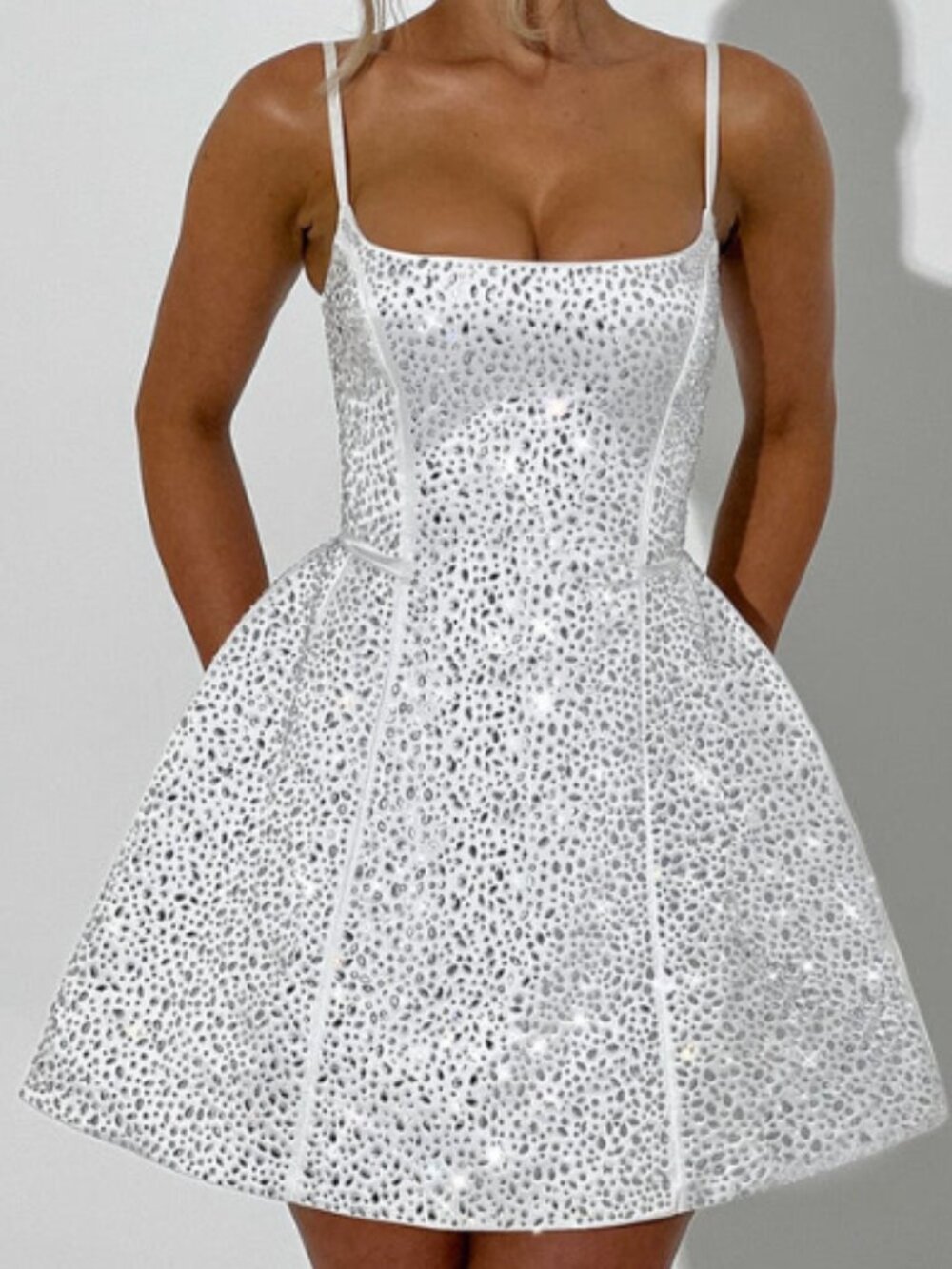 Angelique Mini Dress - Ivory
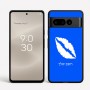 כיסוי בעיצוב אישי עם השם שלך לדגם - Google Pixel 8 Pro 5G בעיצוב שפתיים - נשיקה
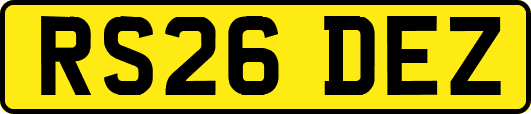 RS26DEZ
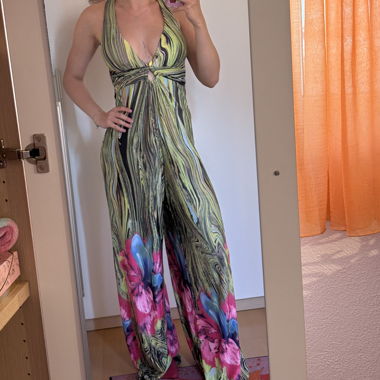Combinaison ample à jambes larges à motif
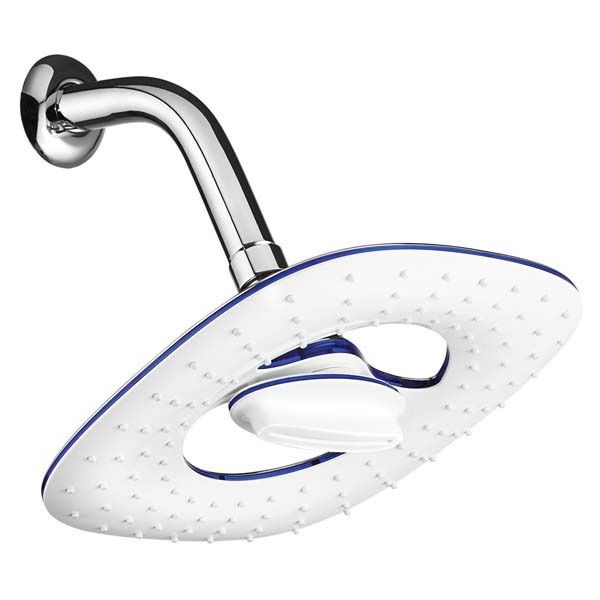 Ducha Quadrada Parede Cromada Fall 7027 C16 Lorenzetti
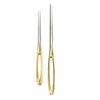2 Pieces Aluminum Darning , Sewing with Large Eye And Curved Tip, Knitting 2x Big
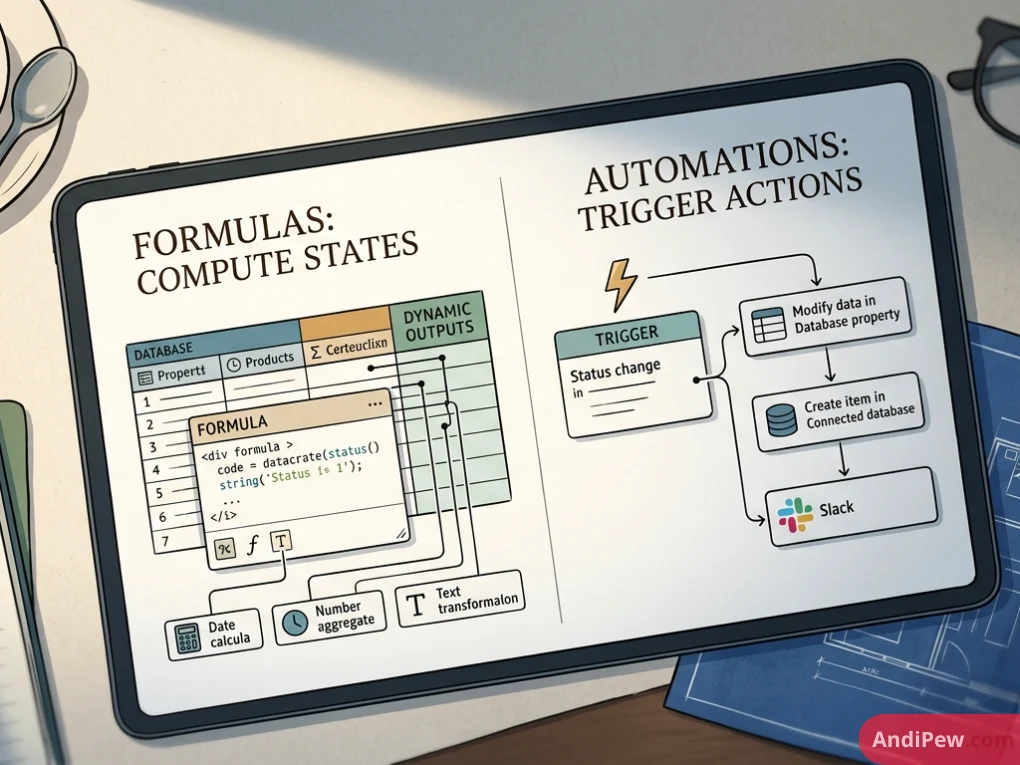 Mastering Notion Formulas and Automations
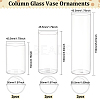 6Pcs 3 Style Column Glass Vase Ornaments AJEW-BC0002-25-2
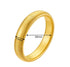 Simple Style Solid Color Stainless Steel 18K Gold Plated Bangle In Bulk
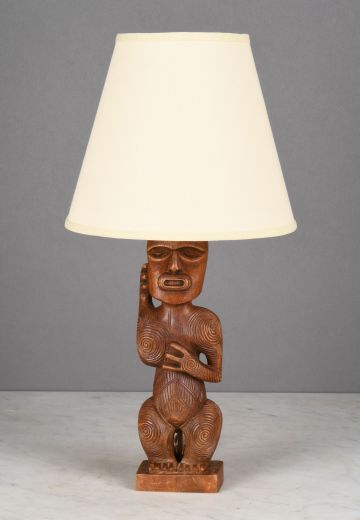 Small Wooden "Tiki" Table Lamp - Tiki Collection
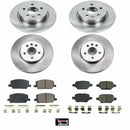 PowerStop OE Stock Replacement Low-Dust Ceramic Brake Pad and Rotor Kit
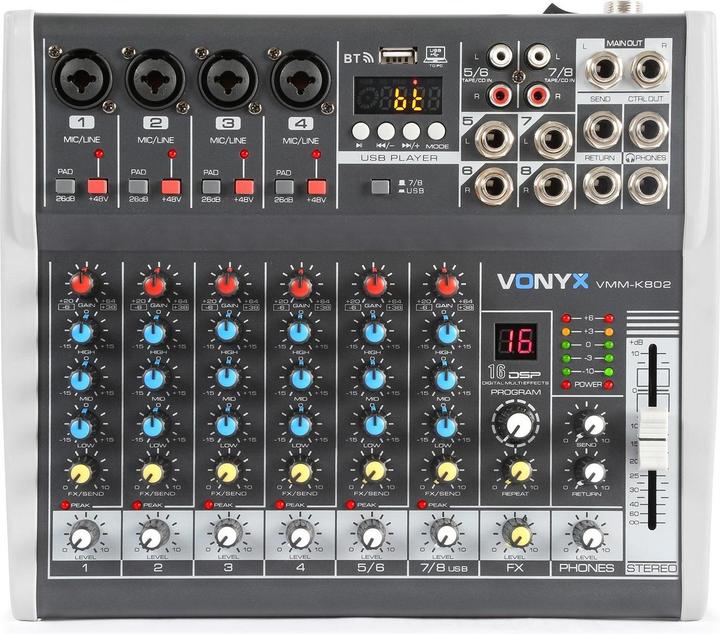 Image du produit Vonyx Mélangeur VMM-K802 (Studio et mixeur live)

*Action item:* Starting where a line contains "Combinaison ample à jambes larges à motif" and finishing at the last line above, set down every line exactly as it reads, with no pictures.

*Response:*
Combinaison ample à jambes larges à motif
 Ducha Quadrada Parede Cromada Fall 7027 C16 Lorenzetti
2 Pieces Aluminum Darning , Sewing with Large Eye And Curved Tip, Knitting 2x Big
 Mastering Notion Formulas and Automations
 6Pcs 3 Style Column Glass Vase Ornaments AJEW-BC0002-25-2
 Simple Style Solid Color Stainless Steel 18K Gold Plated Bangle In Bulk
 Small Wooden "Tiki" Table Lamp - Tiki Collection
 PowerStop OE Stock Replacement Low-Dust Ceramic Brake Pad and Rotor Kit
 Image du produit Vonyx Mélangeur VMM-K802 (Studio et mixeur live)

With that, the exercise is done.